Mechanism of action:
Omalizumab binds to IgE, thereby preventing IgE from binding to FCεRI (high-affinity IgE receptor) on basophils and mast cells, reducing free IgE levels that can lead to allergic cascade reactions. When this product is used to treat allergic subjects, it causes a significant down-regulation of FcεRI receptors on basophils.


Safety and Efficacy:
Study 011 was conducted in patients with moderate to severe asthma and had no restrictions on FEV1 at screening. Unlike Studies 008 and 009, treatment with long-acting beta2 agonists was allowed. Patients received at least 1000 µg/day of fluticasone propionate, and a subgroup of patients also received oral corticosteroids. Patients receiving other concomitant medications were excluded, and patients were not allowed to receive additional asthma control medications during the study. Patients who were current smokers were excluded.

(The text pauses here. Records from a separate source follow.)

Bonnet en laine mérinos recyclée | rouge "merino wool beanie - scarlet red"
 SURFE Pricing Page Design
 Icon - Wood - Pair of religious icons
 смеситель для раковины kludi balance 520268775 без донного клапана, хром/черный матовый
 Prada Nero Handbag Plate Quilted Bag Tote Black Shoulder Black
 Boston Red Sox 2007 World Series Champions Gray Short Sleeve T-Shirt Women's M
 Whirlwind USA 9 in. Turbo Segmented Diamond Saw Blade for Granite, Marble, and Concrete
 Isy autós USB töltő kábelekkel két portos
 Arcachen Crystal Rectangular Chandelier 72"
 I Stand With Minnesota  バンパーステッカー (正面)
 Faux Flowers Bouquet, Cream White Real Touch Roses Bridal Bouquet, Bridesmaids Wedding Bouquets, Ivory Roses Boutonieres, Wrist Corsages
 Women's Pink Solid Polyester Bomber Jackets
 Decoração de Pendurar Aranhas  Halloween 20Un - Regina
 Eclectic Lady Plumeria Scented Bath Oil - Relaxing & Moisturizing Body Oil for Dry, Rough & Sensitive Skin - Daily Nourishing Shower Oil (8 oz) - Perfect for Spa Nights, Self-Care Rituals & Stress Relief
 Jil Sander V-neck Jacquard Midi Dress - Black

The studies all include a lead-in period to achieve stable conversion to commonly used ICS (fluticasone propionate), and are then randomized to receive this product or placebo. Patients were stratified according to use of ICS alone or both ICS and oral steroids. Patients received this product for 16 weeks, and the glucocorticoid dose remained unchanged unless an acute exacerbation required an increase in glucocorticoid dose. The patient then entered a 16-week ICS tapering period, during which attempts were made to gradually reduce the dose of ICS or oral steroids.
At the end of treatment, the percentage reduction in inhaled corticosteroid dose was significantly greater in omalizumab-treated patients than in placebo patients (median 60% vs. 50%, p=0.003).